Photo by CRhyne via Flickr CC
Scientists have been investigating how to mimic spider silk for years. The seemingly delicate threads actually have a tensile strength five times greater than steel, and the possibilities for using a similar material in everything from buildings to bridges to cars and even clothing, are practically infinite. The only problem is, the stuff seems to be impossible to replicate. However, researchers have uncovered a key aspect in how spiders make silk, and they may be one step closer to man-made spider silk.

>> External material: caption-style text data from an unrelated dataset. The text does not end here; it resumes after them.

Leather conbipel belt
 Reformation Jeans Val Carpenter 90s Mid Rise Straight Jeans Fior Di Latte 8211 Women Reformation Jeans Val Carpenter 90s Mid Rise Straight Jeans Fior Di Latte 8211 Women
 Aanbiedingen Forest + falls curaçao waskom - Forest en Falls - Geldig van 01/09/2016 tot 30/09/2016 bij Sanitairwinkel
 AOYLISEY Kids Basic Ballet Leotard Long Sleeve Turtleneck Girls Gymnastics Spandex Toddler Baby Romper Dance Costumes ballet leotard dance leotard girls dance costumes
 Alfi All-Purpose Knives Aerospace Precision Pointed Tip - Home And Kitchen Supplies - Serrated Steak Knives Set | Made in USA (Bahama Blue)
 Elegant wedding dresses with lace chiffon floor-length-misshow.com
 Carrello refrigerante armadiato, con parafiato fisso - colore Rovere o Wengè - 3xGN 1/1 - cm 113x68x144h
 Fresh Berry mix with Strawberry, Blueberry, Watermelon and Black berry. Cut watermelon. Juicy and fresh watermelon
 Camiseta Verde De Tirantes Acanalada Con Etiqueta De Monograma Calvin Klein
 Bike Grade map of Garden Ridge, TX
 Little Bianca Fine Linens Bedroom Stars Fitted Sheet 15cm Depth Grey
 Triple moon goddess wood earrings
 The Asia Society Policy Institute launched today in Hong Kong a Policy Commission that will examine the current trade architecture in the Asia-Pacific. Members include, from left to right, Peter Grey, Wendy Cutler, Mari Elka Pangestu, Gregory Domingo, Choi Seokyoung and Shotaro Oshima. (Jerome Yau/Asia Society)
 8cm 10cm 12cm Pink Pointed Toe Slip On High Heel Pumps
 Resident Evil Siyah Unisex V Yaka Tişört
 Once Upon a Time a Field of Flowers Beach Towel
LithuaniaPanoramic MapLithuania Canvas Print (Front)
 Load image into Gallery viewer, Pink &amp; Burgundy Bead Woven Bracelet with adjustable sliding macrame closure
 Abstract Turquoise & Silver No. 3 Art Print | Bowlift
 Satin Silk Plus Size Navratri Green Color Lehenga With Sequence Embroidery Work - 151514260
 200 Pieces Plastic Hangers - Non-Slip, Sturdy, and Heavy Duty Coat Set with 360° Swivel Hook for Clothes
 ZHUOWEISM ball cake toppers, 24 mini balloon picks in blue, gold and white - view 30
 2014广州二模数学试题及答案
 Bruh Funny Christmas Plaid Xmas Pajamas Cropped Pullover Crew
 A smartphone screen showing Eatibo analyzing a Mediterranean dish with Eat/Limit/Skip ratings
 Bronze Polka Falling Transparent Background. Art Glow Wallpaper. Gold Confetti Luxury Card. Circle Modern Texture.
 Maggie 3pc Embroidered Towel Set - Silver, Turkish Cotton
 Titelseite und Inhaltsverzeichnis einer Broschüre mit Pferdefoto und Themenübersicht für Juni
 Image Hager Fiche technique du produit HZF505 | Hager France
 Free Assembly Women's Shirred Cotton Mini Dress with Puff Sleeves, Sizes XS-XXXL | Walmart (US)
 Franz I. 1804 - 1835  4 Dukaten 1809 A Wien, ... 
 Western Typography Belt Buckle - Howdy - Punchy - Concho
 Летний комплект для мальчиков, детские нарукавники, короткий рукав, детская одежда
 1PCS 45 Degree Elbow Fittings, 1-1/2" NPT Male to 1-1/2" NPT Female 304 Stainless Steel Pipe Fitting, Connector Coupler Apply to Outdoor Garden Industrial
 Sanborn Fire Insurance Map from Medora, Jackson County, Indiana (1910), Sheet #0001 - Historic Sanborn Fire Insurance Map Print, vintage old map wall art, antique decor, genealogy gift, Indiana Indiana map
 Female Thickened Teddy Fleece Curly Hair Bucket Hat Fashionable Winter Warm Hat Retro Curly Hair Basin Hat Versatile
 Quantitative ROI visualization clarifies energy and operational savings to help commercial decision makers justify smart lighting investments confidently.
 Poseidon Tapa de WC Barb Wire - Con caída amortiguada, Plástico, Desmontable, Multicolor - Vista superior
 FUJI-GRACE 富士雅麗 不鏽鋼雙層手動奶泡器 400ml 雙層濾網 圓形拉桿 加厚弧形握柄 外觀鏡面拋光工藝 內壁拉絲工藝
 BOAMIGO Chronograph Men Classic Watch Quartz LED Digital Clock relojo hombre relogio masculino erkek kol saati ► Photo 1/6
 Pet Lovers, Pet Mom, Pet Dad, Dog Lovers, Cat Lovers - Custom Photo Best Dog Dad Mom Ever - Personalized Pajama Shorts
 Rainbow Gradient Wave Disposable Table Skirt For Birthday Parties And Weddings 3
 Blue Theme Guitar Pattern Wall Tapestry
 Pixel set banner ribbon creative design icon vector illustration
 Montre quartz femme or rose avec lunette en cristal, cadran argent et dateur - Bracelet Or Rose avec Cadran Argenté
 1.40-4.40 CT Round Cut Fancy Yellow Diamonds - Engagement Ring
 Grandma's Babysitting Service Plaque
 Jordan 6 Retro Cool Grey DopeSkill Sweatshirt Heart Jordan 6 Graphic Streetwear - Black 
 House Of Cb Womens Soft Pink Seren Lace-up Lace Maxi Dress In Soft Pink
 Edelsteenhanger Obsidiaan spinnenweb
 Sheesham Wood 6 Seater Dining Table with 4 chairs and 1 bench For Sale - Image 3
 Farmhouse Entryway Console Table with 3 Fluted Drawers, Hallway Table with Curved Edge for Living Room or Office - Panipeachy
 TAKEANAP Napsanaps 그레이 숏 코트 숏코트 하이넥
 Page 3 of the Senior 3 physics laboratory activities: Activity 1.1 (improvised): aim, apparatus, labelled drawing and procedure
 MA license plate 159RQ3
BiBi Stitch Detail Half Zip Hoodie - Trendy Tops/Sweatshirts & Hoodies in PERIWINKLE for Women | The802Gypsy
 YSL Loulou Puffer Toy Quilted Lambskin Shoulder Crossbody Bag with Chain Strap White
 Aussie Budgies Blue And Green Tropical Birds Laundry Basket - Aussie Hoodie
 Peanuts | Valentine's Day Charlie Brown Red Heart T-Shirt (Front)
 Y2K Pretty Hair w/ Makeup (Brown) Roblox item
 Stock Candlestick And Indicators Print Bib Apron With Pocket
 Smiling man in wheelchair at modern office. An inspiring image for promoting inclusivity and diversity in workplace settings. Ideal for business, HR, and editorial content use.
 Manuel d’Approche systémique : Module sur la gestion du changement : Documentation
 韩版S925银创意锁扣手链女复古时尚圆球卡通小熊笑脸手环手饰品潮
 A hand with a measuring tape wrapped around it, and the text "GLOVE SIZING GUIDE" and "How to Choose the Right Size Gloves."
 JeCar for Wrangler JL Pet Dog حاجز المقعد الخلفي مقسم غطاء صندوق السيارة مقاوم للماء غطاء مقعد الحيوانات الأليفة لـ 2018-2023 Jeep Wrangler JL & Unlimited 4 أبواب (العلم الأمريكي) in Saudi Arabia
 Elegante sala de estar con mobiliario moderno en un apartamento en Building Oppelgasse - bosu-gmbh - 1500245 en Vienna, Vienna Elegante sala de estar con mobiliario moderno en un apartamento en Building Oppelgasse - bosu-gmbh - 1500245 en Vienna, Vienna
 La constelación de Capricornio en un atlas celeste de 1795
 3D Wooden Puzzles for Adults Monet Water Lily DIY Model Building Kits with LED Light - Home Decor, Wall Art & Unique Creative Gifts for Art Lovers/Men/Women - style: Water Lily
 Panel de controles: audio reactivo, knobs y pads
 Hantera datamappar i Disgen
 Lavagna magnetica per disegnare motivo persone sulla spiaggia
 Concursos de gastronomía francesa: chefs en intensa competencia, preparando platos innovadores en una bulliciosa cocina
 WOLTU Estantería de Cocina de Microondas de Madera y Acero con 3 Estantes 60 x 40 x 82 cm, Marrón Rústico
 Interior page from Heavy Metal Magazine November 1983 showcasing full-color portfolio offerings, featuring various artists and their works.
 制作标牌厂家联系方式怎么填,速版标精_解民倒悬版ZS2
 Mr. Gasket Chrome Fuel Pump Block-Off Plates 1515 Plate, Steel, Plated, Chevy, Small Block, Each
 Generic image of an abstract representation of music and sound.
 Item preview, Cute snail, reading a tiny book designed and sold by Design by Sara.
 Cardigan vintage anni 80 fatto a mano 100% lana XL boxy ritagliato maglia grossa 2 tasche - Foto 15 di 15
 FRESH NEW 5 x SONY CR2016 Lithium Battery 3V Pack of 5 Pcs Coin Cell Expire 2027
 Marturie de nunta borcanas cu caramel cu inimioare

According to Science Daily, scientists from the Technische Universitaet Muenchen and the University of Bayreuth have solved the question of how spiders form long, stable, elastic fibers from the proteins stored in their silk glands in seconds. The spider silk is comprised of protein chains linked with stable physical connections, and between these are unlinked areas that contribute to the elasticity - making the silk both strong and flexible. But the mystery behind the molecules are what allows them to be stored in close confinement inside the silk gland without linking up and clumping. The scientists were able to figure out the structure of a control element used in the formation of the spider silk, and now they may be able to soon replicate the way spiders form silk.
"Under storage conditions in the silk gland these control domains are connected pair-wise in such a way that the interlinking areas of both chains can not lie parallel to each other," Thomas Scheibel explains. "Interlinking is thus effectively prevented." The protein chains are stored with the polar areas on the outside and the hydrophobic parts of the chain on the inside, ensuring good solubility in the aqueous environment.
"Our results have shown that the molecular switch we discovered at the C-terminal end of the protein chain is decisive, both for safe storage and for the fiber formation process," says Franz Hagn.
The scientists are well on their way to putting their findings to the test. They've developed an artificial spinning duct using microsystem technology, and are also working to develop a biomimetic spinning apparatus. The whole system will mimic a spider's silk gland and spinnerets, so now it's a matter of getting the formula perfected.
We're that much closer to having a material not only stronger than steel, but also usable in practically every setting - even as surgical sutures!